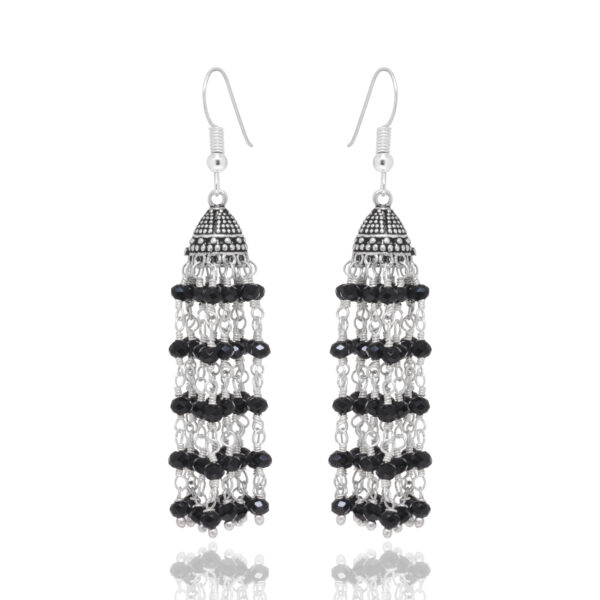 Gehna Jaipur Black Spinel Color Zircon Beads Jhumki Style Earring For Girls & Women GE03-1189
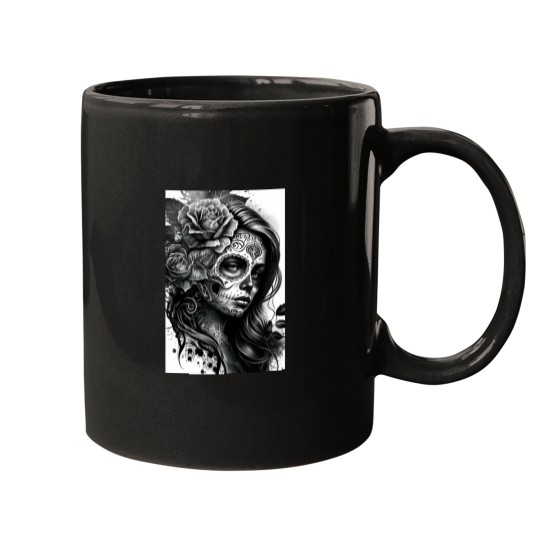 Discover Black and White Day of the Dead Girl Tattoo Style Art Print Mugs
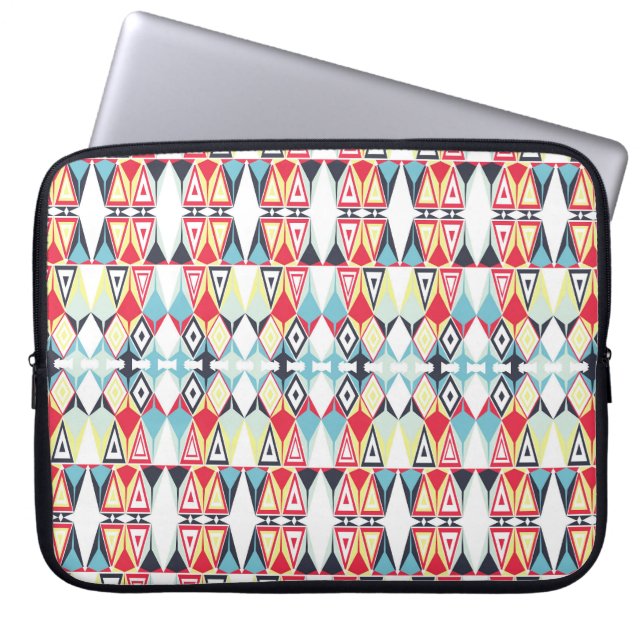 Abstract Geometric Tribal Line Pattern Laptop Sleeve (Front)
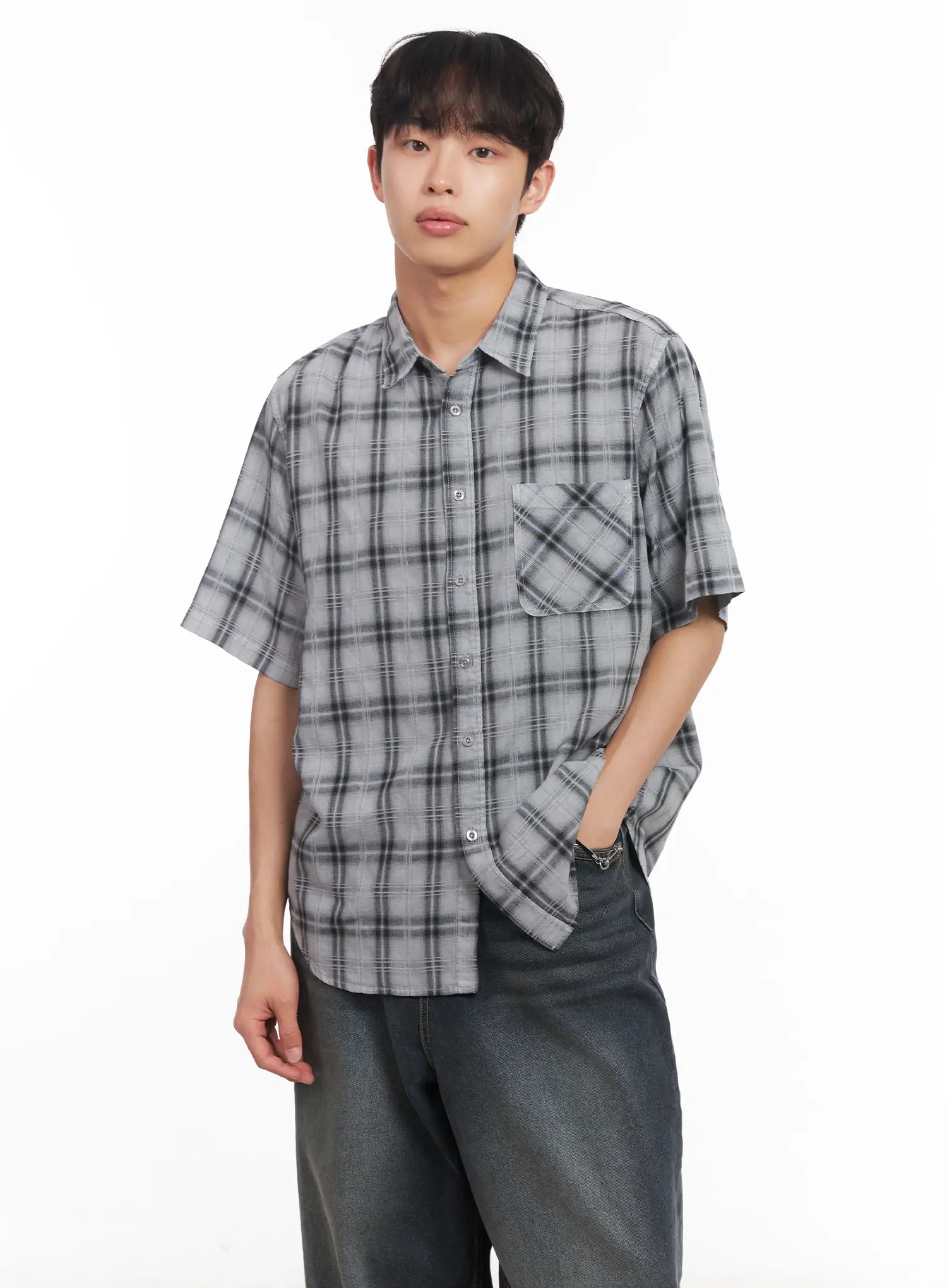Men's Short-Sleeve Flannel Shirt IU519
============================================================
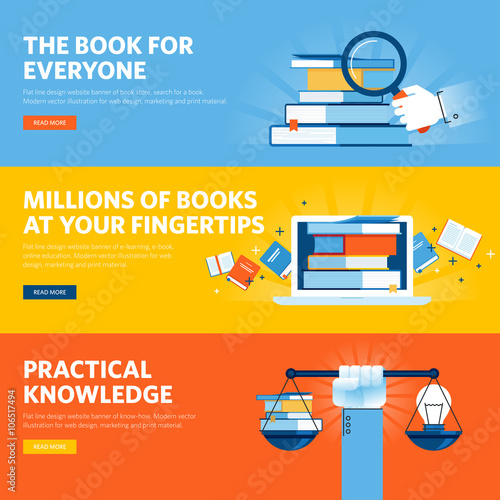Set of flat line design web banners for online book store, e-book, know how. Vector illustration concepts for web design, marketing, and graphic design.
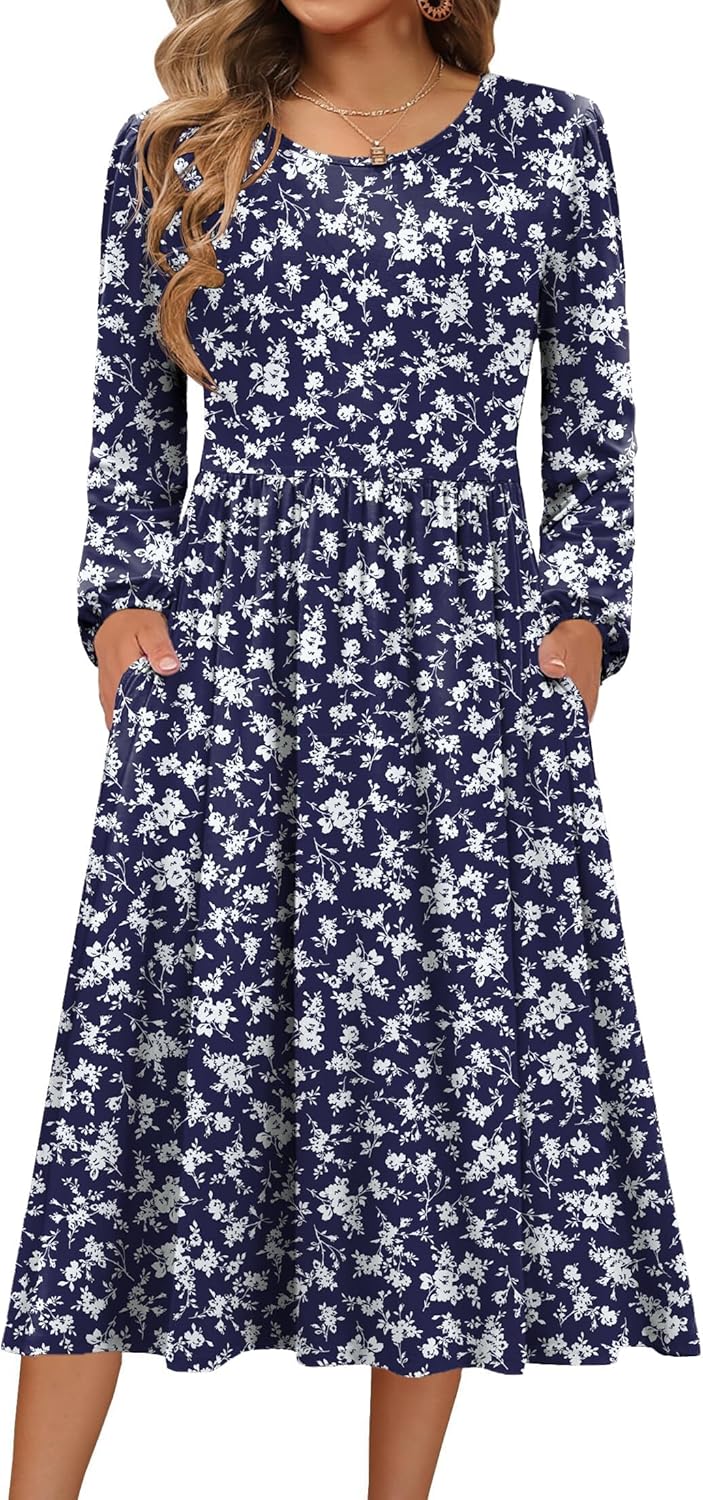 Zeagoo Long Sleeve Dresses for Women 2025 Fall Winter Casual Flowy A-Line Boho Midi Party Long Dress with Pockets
============================================================
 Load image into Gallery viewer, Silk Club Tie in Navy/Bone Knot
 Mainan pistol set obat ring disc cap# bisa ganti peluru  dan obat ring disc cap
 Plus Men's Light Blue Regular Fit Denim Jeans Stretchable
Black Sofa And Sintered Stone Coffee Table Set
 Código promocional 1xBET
============================================================
◆ **WHAT YOU ARE ASKED TO DO**
Using the material above, transcribe exactly the lines from the line with "Mainan pistol set" to the line with "Código promocional 1xBET"; both count, and nothing else goes in.

◆ **EXERCISE ANSWER**
 Mainan pistol set obat ring disc cap# bisa ganti peluru  dan obat ring disc cap
 Plus Men's Light Blue Regular Fit Denim Jeans Stretchable
Black Sofa And Sintered Stone Coffee Table Set
 Código promocional 1xBET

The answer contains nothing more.